At its heart, Rush’s novel is a clever meditation on the art of storytelling. We see Odysseus’ story from three points of view, woven neatly together like the web in the title. First there is Odysseus himself: down-to-earth, crude, cunning but wise as well, a soldier, an ‘everyman’, stuck in a war he didn’t ask for and doesn’t believe in, led by superiors he can’t bring himself to respect. For Odysseus and his fellow Greeks, there are only two things that make life bearable: the exhilaration of killing (the death stroke cleaving the flesh, the blood spraying across the face) and the ravaging of a woman’s body (the words ‘fuck’, ‘cunt’ and ‘rape’ are among the most common in the book). I’ve never been at war, of course, and I don’t know any soldiers, especially not Bronze Age ones, but this feels… plausible, as the way that brutalised men think when they’re alone and their only hope of survival lies in destroying others. Odysseus and his companions speak not in the high-blown phrases of Homer, but in short, sharp, contemporary bursts of speech, peppered with modern army slang – FUBAR (fucked up beyond all recognition), CFB (clear as a fucking bell), and so forth.

But this ragtag of men aren’t suitable subjects for legend.

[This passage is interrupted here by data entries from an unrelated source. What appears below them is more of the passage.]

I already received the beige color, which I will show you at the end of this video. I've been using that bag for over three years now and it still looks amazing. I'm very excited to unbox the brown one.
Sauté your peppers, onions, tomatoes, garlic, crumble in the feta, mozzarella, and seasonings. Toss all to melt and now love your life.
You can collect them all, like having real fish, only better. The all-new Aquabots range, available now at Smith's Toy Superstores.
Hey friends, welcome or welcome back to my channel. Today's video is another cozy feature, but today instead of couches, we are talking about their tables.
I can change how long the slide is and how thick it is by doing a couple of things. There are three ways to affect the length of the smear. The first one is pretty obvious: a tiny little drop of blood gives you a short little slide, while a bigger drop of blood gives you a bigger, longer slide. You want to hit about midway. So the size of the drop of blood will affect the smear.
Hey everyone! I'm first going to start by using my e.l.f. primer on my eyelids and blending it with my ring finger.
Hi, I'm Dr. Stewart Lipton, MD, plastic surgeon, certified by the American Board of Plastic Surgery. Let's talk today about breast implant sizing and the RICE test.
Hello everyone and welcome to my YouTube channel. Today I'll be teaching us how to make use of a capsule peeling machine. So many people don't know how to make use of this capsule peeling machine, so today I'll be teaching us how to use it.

And that’s where the next perspective comes in. Penelope, Odysseus’ long-suffering wife, weaves the story of Troy into a magnificent web (I imagined it rather like the Bayeux tapestry). Along the way, she ennobles her husband’s experience. He and his fellow leaders speak poetry rather than prose; their deeds become godlike; and the gods themselves appear to explain reversals of fortune or good luck. Penelope’s own prejudices against Helen, and against Troy, are woven into the web. Thus the web becomes both a physical object and a metaphor for a story being woven out of fragments of reality. Odysseus, who comments upon his wife’s reading of events, is amused by the grand speeches her heroes make in the midst of battle and baffled – but impressed – by the idea of a great wooden horse. But he appreciates the role of posterity in making things, and men, seem better than they were – in giving Troy a golden gleam to its name, rather than showing it for what it was: a nakedly ambitious land-grab, led by a fool and a cuckold. And she makes Odysseus into a hero, a model of striving, a faithful husband undermined by circumstances. Odysseus, a wise if not virtuous husband, knows when to let her believe what she wants.

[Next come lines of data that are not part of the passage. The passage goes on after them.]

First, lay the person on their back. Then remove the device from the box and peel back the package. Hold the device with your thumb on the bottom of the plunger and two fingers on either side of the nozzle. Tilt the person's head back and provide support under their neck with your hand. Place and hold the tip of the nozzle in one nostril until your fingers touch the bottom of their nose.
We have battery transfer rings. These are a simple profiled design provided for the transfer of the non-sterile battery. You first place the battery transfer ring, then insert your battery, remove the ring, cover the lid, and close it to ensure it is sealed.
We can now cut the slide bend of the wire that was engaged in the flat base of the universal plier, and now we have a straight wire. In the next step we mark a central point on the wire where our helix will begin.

The third and final viewpoint is that of the ‘omniscient narrator’. These tend to be the scene-setting sections, although it isn’t always entirely clear where Penelope ends and omniscience begins. If Penelope’s web tells the story as we know it from Homer, then the omniscient narrator adds colours and depth, drawing in other myths, commenting, and adding extra depth where possible. The result, with three voices chipping in to tell the tale, is effective and rather fun, especially when Odysseus dismisses the elaboration of legend and reminds us of the cruel, brutal realities of life in a warzone. It’s a tale that reminds us of the futility of war and modern parallels, say, with other Western nations invading Middle-Eastern territory, are hard to ignore. The urgent, uncompromisingly modern voice of Rush’s Odysseus makes this a universal, timeless story of greed, dishonestly and needless death. In that sense, it reminded me very much of Christopher Logue’s impressive War Music, though Logue’s language is… shall we say… more poetic.

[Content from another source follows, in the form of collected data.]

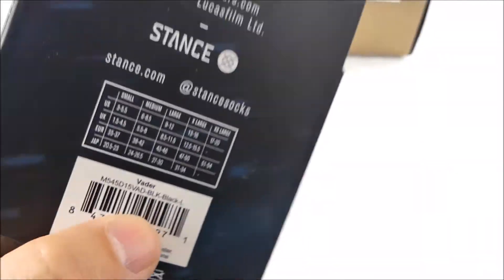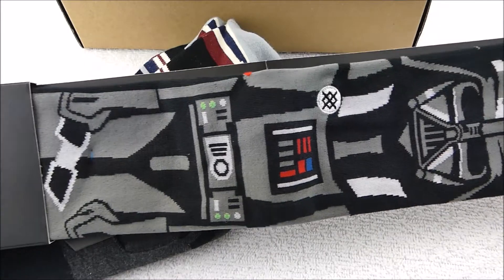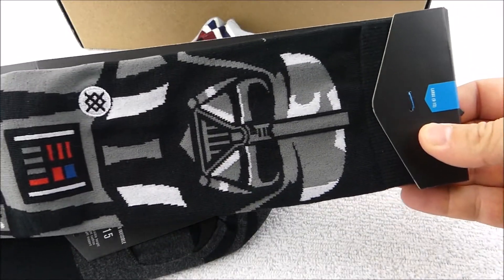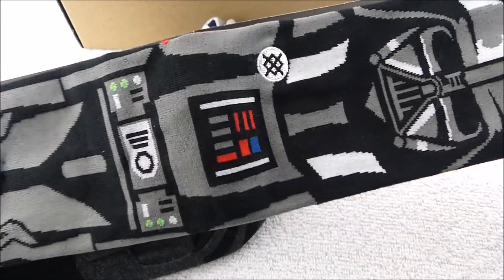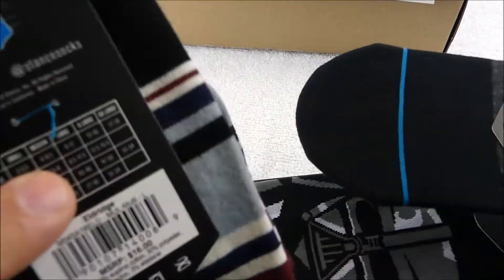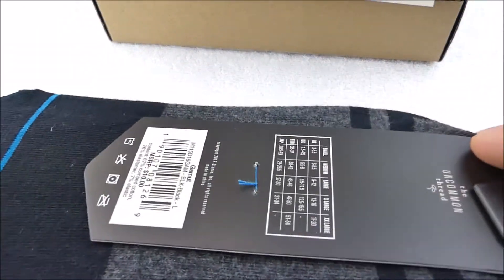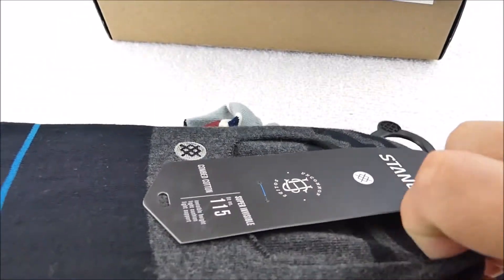I got them on the subscription for $27 for the three pairs. These are actually pretty sweet — I really really like the look of these Vader socks. The dressier socks I've gotten have been super comfortable. This low profile no-show sock is a new one for me and we'll see how comfortable it is — I'll let you guys know on that one.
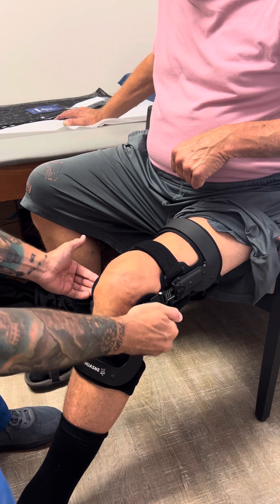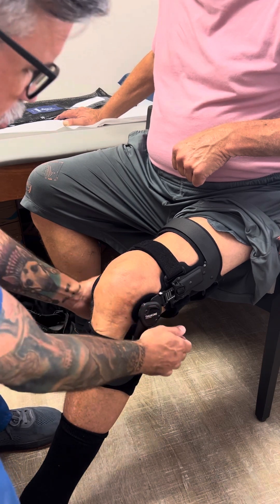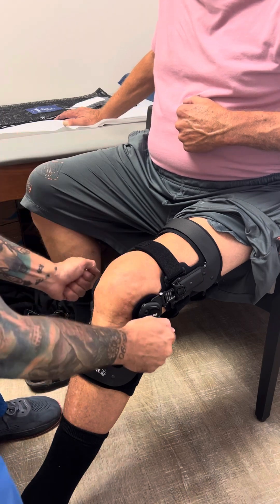This guarantees that the hinges will be in the appropriate spot, because if a patient has to do the front and back straps, the hinge could be too far forward or too far back. So it's nice to just set it up so they only have to drop it on.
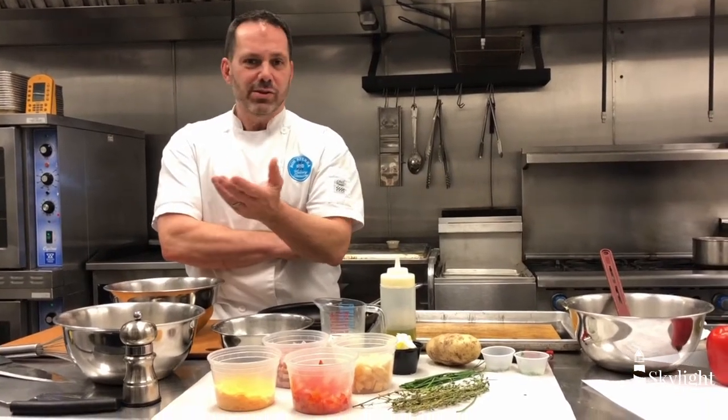Hi everybody, Bob Sekhar here from Culinary Occasions. We're doing something fast and easy during this difficult time of sort of being homebound. Chef and owner of Culinary Occasions, we're out in South Utah right now. I'm going to put together a very simple dish, which is a frittata, which is basically a Spanish or Italian version of an omelette.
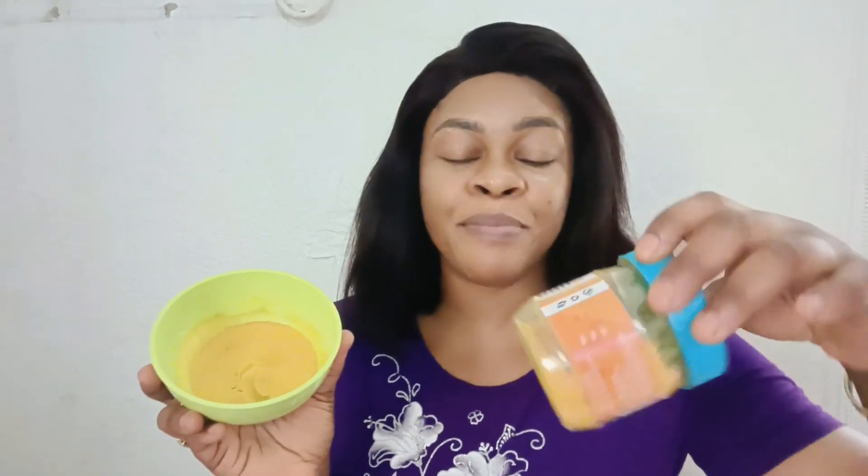So what you have to do is add one tablespoon of rice powder into the bowl, then add half a tablespoon of turmeric. This depends on how you want it — if you want to get lighter, add more turmeric powder. If you just want to brighten your current shade or bring back your complexion and even out your skin, add more of it and you will love it. What I added here is just half a tablespoon of turmeric.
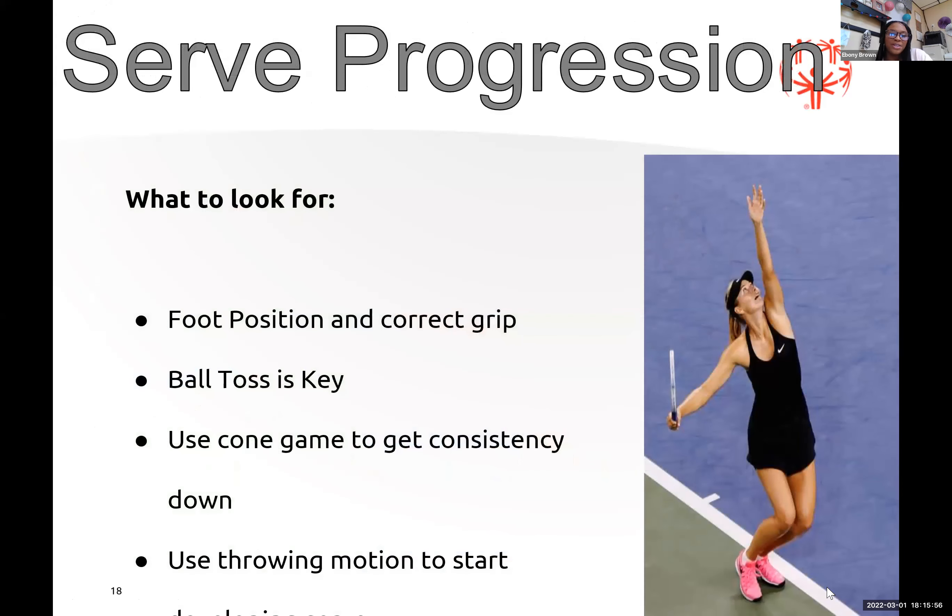That video showed the purpose of serving — you have two tries to get it into the diagonal box across from you; if you don't, the opponent gets the point. When teaching your athlete how to serve, watch for foot position, correct grip, and ball toss — the ball toss is key. They want to throw the ball up before they hit it. Use cones to get consistency down during practice, placing cones in the court for athletes to aim at.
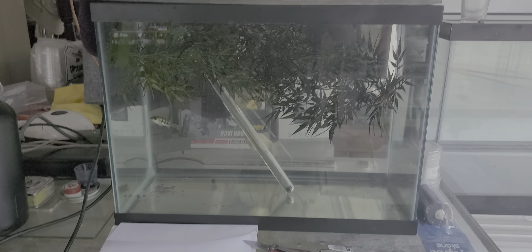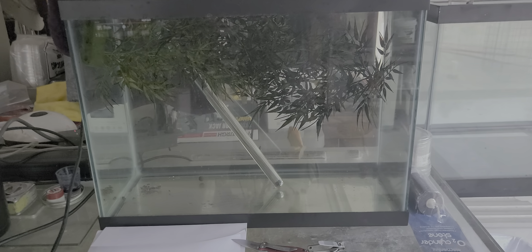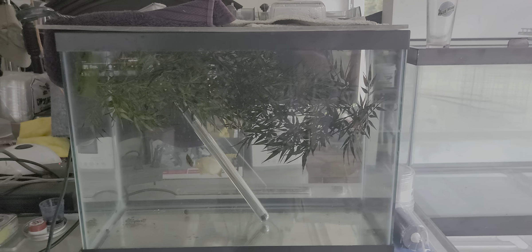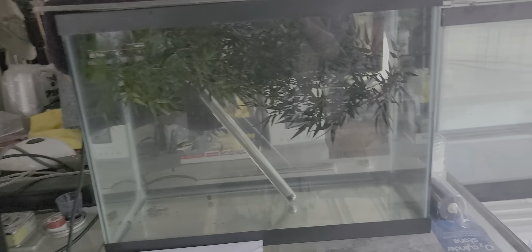These were the two fish that were in the tank that had ick, so I treated both of them. Turn up the temperature and add some salt — you should be fine. Keep them in there for at least seven days; they should be fine after seven days.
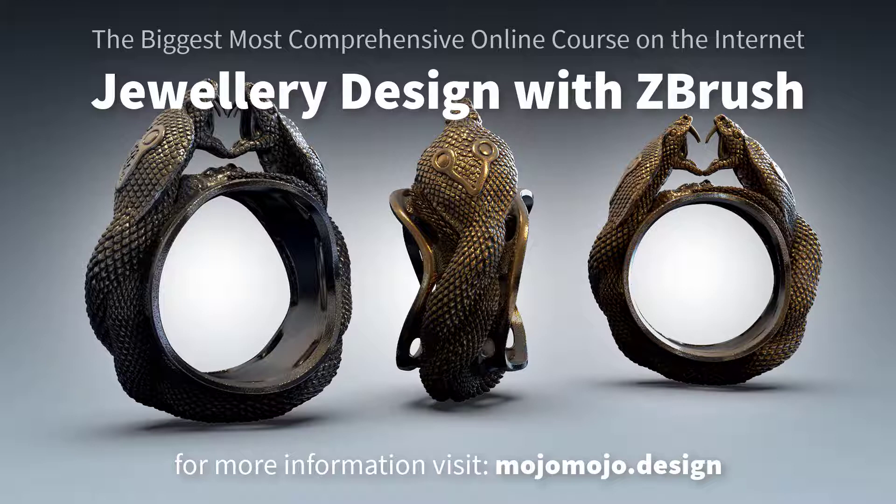If you're a beginner to ZBrush, I also offer a pure basics course and it's free of charge. Follow the link below to find it and take that course if jewelry design isn't what you're looking to do.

I keep coming back to the language. This is not me being a maiden aunt, I assure you. I’m not adverse to the odd bit of cussing and swearing in novels, especially in a war story, but here it’s just unremitting. Eventually you find yourself being ground down – almost certainly deliberately – desensitised by the barrage of four-letter words. The portrayal of women is almost entirely focused on their sexual potential or performance. To what extent, though, can I criticise this? Rush is doing exactly what I ask of authors, inhabiting his characters’ minds and presenting their dialogue and thoughts in a viscerally real way. Can I then complain? I should add that the battle scenes are also shockingly explicit, like those in the real Iliad but with added force due to the contemporary language. You realise how cheap, how easily extinguished, life was at this time. One thing I would say is that, in losing some of the Iliad’s nobility, Rush loses some of its emotional impact. He shocks, but he doesn’t give us characters we can easily care about. Perhaps this, too, is deliberate. When his Achilles, naked but for his weapons (this is real life: magical god-crafted armour doesn’t happen here), faces Hector at the gates of Troy, I was ready to feel moved – but that never quite happened. In that way, too, this is close to reality. War is not grand or moving or noble. It’s a pointless waste of life.

I am entirely divided on what to feel about the book. Take out half of the swearwords, and half of the sex scenes, and it would be much more to my taste. It is a very smart rationalisation of the two greatest epics of Western literature, and it enables you to feel, hear and understand the Trojan War in a way that I’ve rarely seen outside of Homer. Rush can write brilliantly, and his change of ‘voice’ between Odysseus and Penelope is excellently done. But I just can’t get away from the unpleasantness of it…

It is a book worth reading, in short, but definitely not one for those who don’t like battles or who like their characters to avoid swearing. Even those who don’t (like me) don’t mind, this can be a test of resilience. I’ve seen it described as a ‘Marmite book’ and that is absolutely right. In fact, within myself I both love and thoroughly dislike it, hence the firmly middling rating. Just don’t go into it expecting to enjoy it. There’s no glory here: it is, despite its ancient setting, a thoroughly modern dissection of the futility of war.